→ **WORK TASK**
Nothing but text lines should be duplicated: start with the first line of the listing below and stop after the line holding "Tuya Smart Life", omitting pictures.

→ **EXERCISE MATERIAL**
----

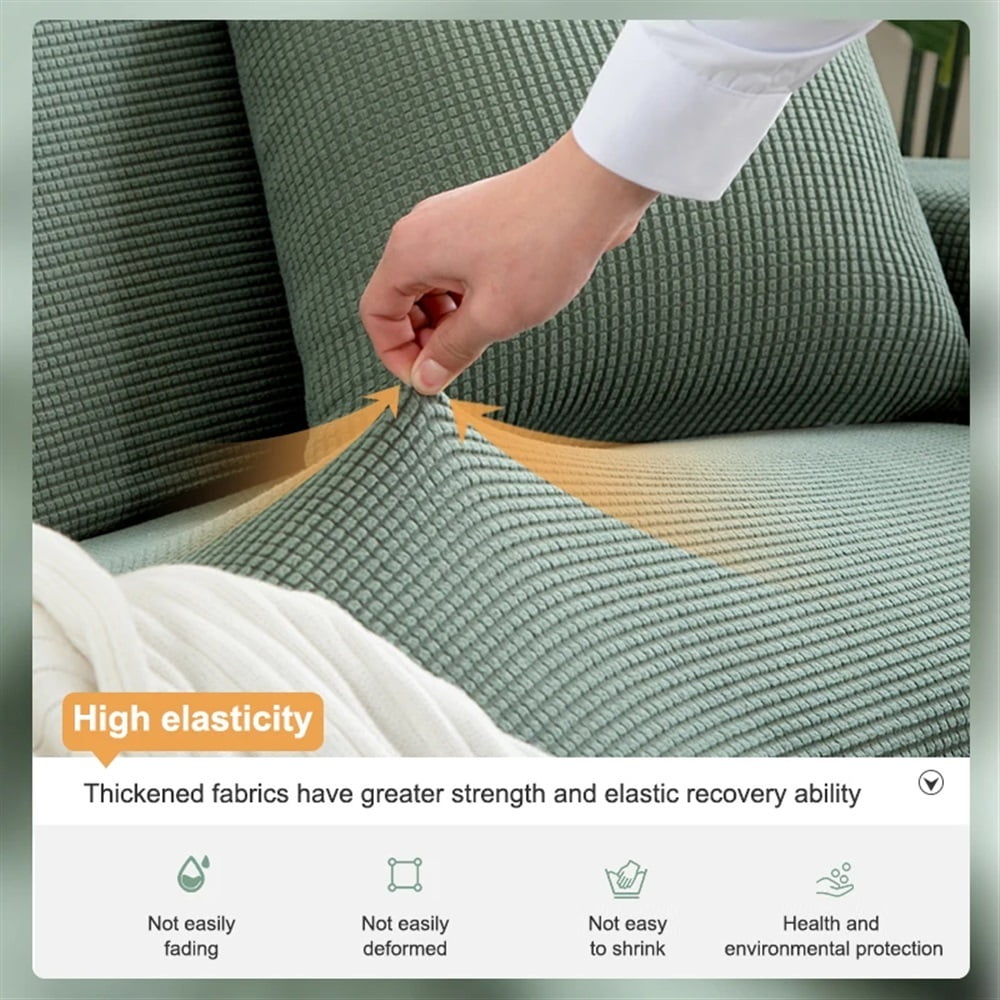 Elastic Sofa Covers For Living Room Geometric ArmChair Knitted Corn Grid Fabric Sofa Slipcovers Chair Protector
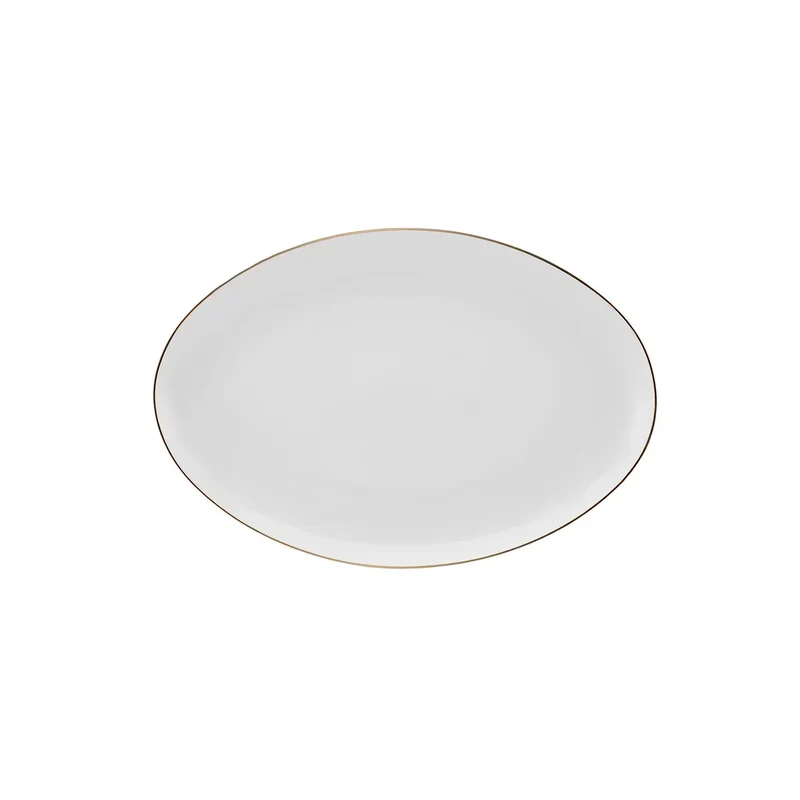 Karaca Esbelto 12 Personen Geschirrset, 56 Teilig, New Generation Bone, Gold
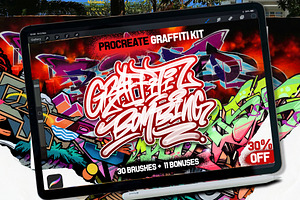 PROCREATE GRAFFITI BOMBING (SALE), a Brush Add-On by danusetyaji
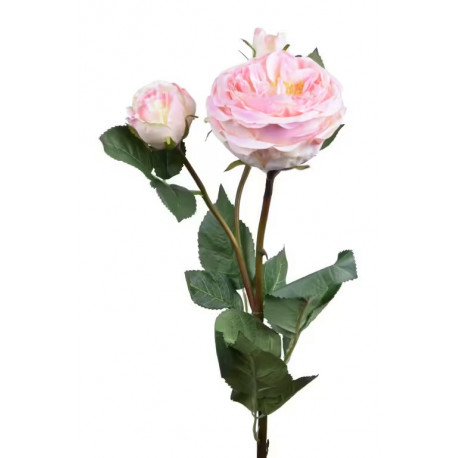Květina RŮŽE, světle růžová, 85 cm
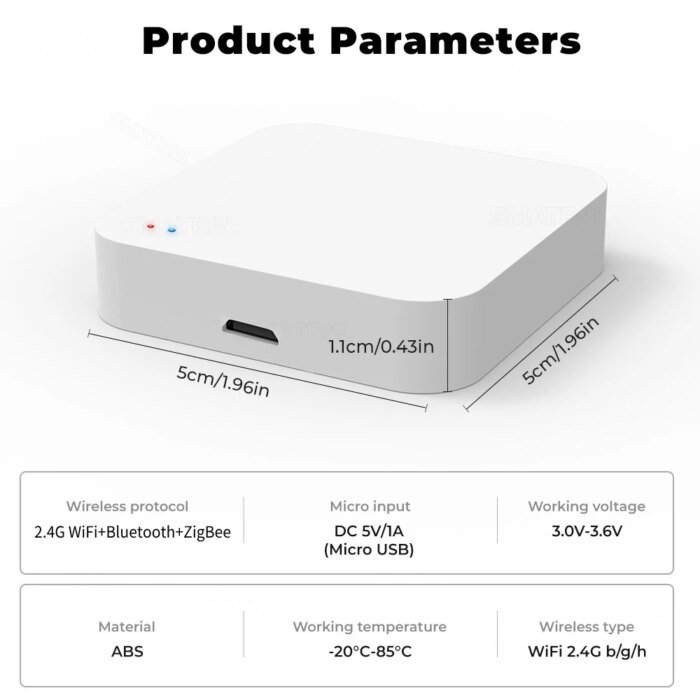 Tuya Smart Life Multi-mode Gateway – Smart Hub för ZigBee & Bluetooth - Bild 4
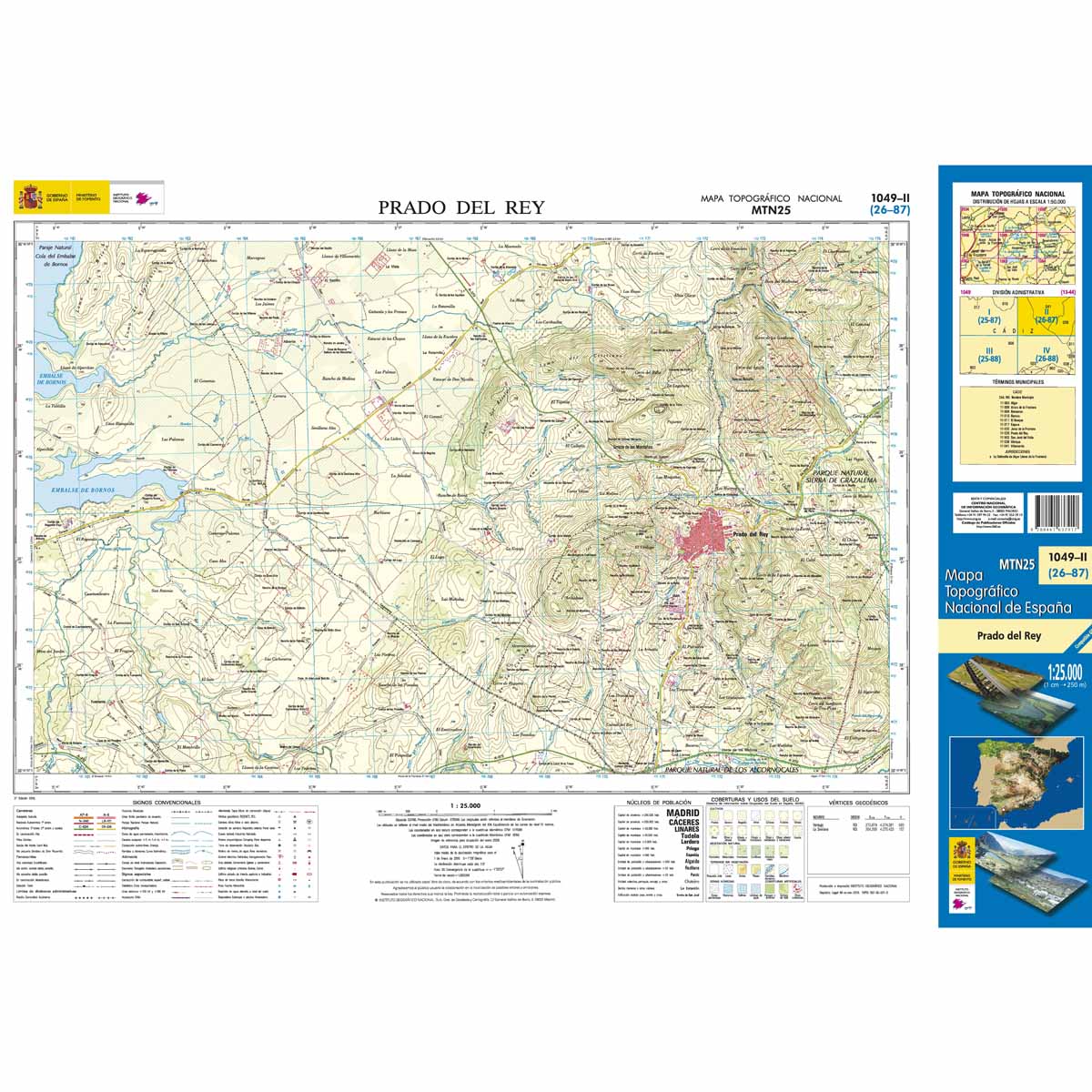 Online bestellen: Topografische kaart 1049-II Prado del Rey | CNIG - Instituto Geográfico Nacional1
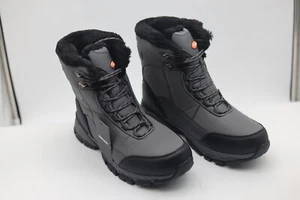 SHULOOK Hiking Boots Mens 12 Black Waterproof Mid Boots Non-Slip Comfortable - Picture 1 of 6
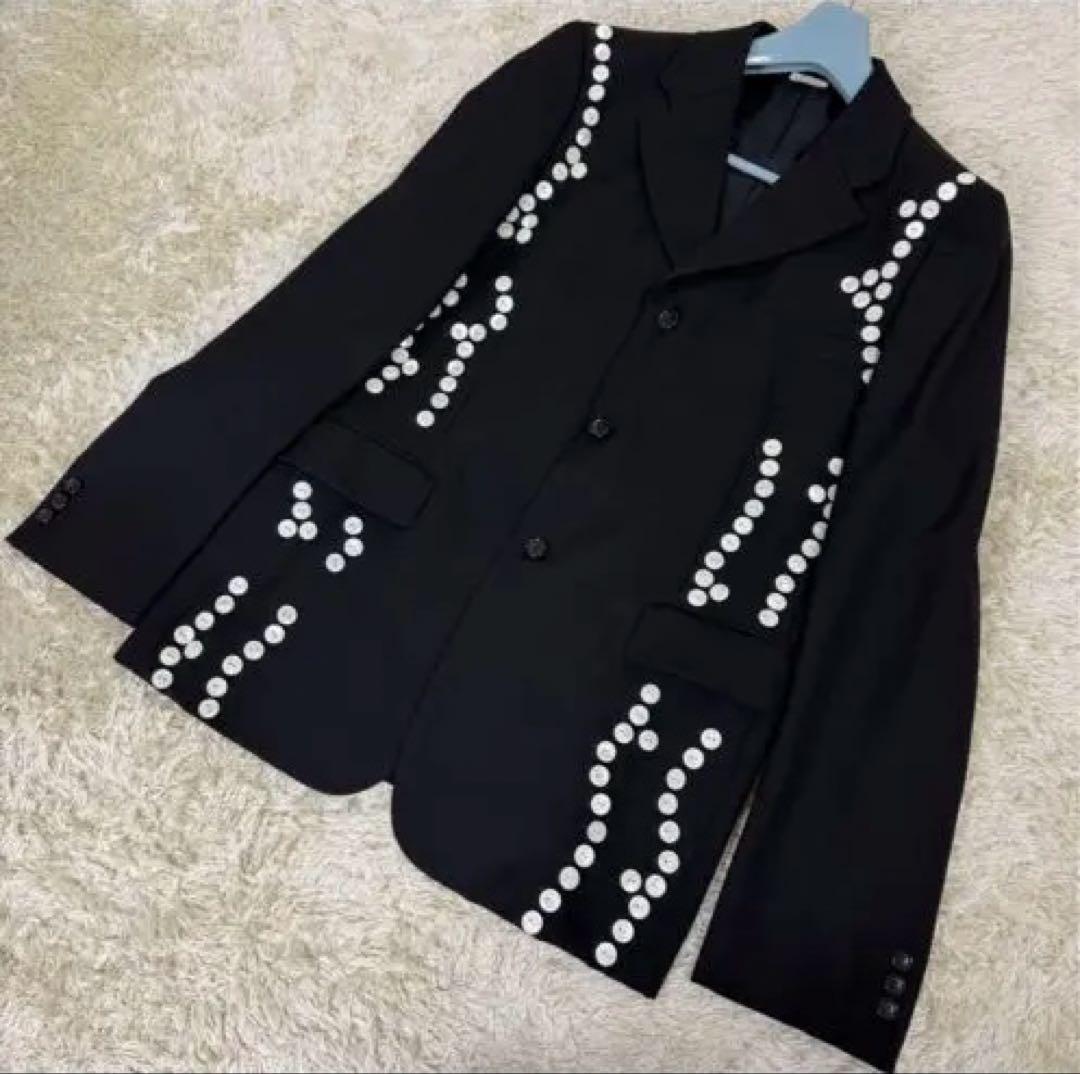 24AW コムデギャルソンオムプリュス ボタンジャケット - メルカリ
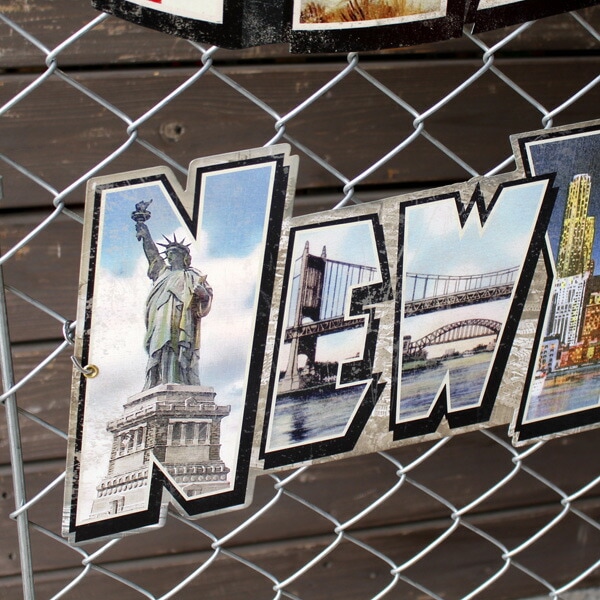 アメリカンスティールサイン「New York Landmarks」 PS-467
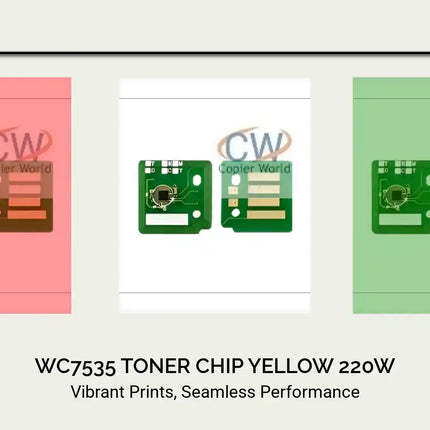 Wc7535 Toner Chip Yellow 220w by@Outfy
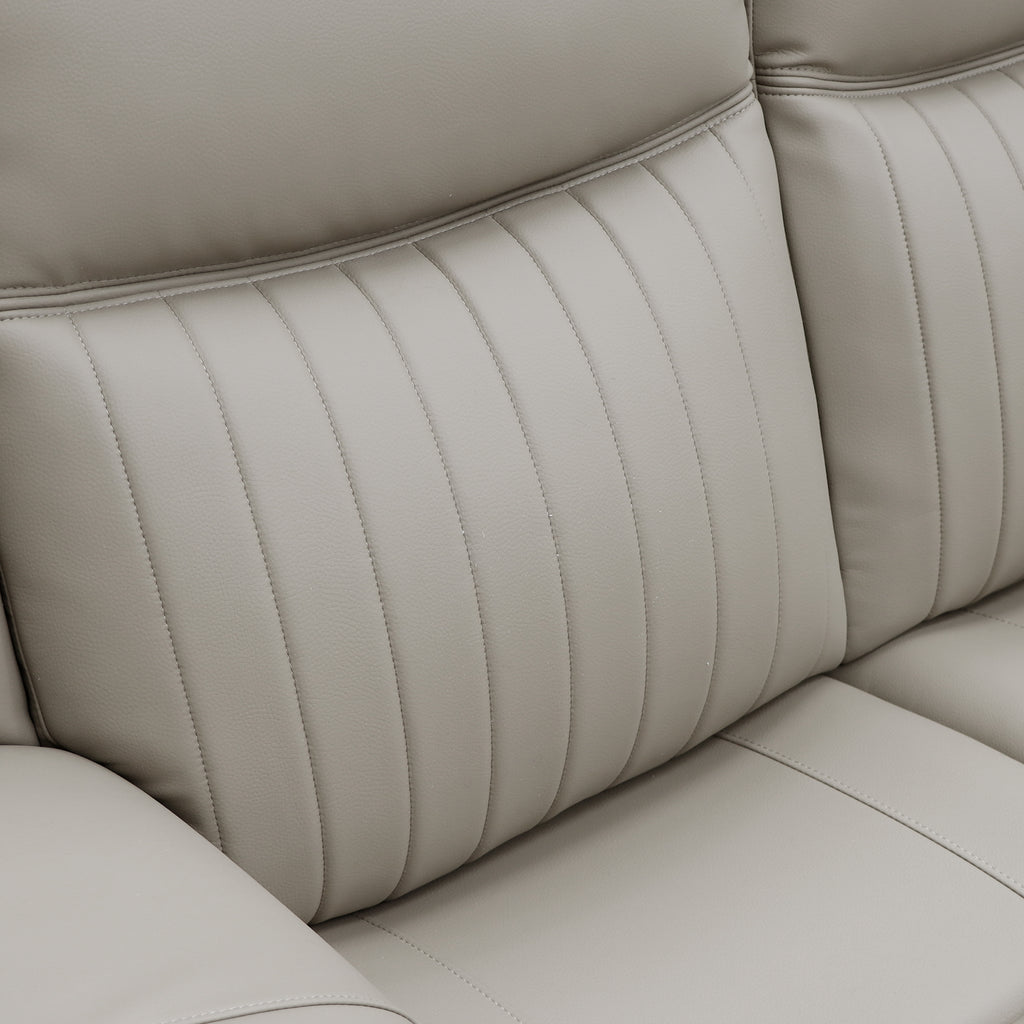 The Bennington Pebble Grey 3 Seater Manual Reclining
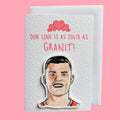 Granit Xhaka | Sunderland | Handcrafted Valentine’s Card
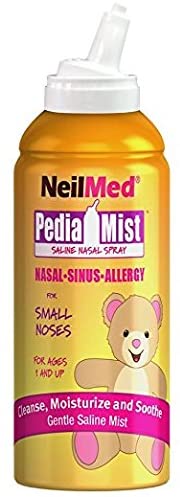 NeilMed PediaMist Saline Spray for Small Noses, 2.53 oz
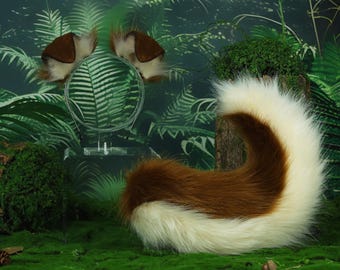 Cosplay puppy ears and tail kitten ears and tail Simulation ears and tail animal ears and tail fox ears and tail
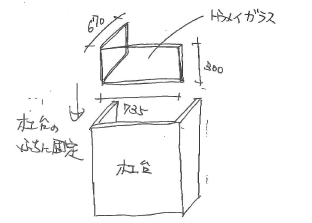 硝子間仕切り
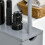 (Grey, Engineered Wood) Tall Grey Freestanding Bathroom Cabinet 7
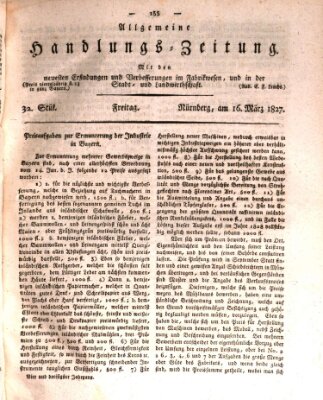 Allgemeine Handlungs-Zeitung Freitag 16. März 1827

----

→ **FINISHED EXERCISE**
 Elastic Sofa Covers For Living Room Geometric ArmChair Knitted Corn Grid Fabric Sofa Slipcovers Chair Protector
 Karaca Esbelto 12 Personen Geschirrset, 56 Teilig, New Generation Bone, Gold
 PROCREATE GRAFFITI BOMBING (SALE), a Brush Add-On by danusetyaji
Květina RŮŽE, světle růžová, 85 cm
 Tuya Smart Life Multi-mode Gateway – Smart Hub för ZigBee & Bluetooth - Bild 4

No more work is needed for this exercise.